[Requirement] In the entries below, go to the line containing "Prestolite Electric 860819" and repeat it along with every later line, exactly.

Data entries
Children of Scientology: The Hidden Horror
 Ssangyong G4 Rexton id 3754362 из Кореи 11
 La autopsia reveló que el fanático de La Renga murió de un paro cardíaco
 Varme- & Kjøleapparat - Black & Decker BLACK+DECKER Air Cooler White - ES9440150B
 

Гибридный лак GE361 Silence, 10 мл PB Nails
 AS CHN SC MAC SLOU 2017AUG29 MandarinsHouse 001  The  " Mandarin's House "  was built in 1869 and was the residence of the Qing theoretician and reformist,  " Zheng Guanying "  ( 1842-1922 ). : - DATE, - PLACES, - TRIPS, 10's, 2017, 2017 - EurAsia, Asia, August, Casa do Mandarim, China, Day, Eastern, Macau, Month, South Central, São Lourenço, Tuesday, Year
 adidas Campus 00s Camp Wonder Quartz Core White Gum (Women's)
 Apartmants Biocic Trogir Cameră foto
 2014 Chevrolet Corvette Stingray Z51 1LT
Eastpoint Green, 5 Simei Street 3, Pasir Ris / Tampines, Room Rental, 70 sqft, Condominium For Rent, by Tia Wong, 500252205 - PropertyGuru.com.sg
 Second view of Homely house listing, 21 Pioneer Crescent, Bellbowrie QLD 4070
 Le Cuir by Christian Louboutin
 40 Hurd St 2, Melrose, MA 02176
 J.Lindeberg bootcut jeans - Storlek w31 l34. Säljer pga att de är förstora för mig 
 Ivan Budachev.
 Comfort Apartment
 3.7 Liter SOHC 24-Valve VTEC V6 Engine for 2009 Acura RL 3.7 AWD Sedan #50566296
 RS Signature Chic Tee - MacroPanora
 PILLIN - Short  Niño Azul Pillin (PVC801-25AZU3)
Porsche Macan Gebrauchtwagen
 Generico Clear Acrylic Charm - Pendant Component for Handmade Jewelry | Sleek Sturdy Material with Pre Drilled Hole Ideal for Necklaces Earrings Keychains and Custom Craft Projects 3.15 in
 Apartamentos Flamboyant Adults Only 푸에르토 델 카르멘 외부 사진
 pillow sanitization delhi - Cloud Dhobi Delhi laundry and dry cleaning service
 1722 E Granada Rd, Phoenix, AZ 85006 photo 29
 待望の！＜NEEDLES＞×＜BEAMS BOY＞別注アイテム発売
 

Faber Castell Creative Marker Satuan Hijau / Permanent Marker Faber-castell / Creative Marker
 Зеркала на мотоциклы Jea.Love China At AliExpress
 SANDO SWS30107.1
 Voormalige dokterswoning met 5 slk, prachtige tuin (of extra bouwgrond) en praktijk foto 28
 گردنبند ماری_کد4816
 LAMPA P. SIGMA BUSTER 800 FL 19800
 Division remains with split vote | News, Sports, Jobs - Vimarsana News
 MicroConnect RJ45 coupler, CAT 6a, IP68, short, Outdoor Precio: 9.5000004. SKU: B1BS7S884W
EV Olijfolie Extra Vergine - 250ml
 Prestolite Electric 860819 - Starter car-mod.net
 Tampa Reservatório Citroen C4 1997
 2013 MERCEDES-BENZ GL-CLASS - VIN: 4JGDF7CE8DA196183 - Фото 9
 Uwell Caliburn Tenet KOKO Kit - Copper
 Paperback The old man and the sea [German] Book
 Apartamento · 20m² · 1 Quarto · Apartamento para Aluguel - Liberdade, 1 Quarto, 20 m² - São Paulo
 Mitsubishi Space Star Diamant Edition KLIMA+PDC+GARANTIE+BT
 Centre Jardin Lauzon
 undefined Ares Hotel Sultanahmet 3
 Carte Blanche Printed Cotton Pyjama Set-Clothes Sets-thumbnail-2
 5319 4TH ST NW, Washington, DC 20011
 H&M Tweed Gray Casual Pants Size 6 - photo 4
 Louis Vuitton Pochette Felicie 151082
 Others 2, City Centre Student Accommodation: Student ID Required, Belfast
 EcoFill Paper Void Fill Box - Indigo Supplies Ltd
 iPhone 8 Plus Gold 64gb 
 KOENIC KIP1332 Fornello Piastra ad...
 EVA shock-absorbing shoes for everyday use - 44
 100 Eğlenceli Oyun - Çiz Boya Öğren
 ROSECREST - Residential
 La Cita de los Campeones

[Answer to this exercise]
 Prestolite Electric 860819 - Starter car-mod.net
 Tampa Reservatório Citroen C4 1997
 2013 MERCEDES-BENZ GL-CLASS - VIN: 4JGDF7CE8DA196183 - Фото 9
 Uwell Caliburn Tenet KOKO Kit - Copper
 Paperback The old man and the sea [German] Book
 Apartamento · 20m² · 1 Quarto · Apartamento para Aluguel - Liberdade, 1 Quarto, 20 m² - São Paulo
 Mitsubishi Space Star Diamant Edition KLIMA+PDC+GARANTIE+BT
 Centre Jardin Lauzon
 undefined Ares Hotel Sultanahmet 3
 Carte Blanche Printed Cotton Pyjama Set-Clothes Sets-thumbnail-2
 5319 4TH ST NW, Washington, DC 20011
 H&M Tweed Gray Casual Pants Size 6 - photo 4
 Louis Vuitton Pochette Felicie 151082
 Others 2, City Centre Student Accommodation: Student ID Required, Belfast
 EcoFill Paper Void Fill Box - Indigo Supplies Ltd
 iPhone 8 Plus Gold 64gb 
 KOENIC KIP1332 Fornello Piastra ad...
 EVA shock-absorbing shoes for everyday use - 44
 100 Eğlenceli Oyun - Çiz Boya Öğren
 ROSECREST - Residential
 La Cita de los Campeones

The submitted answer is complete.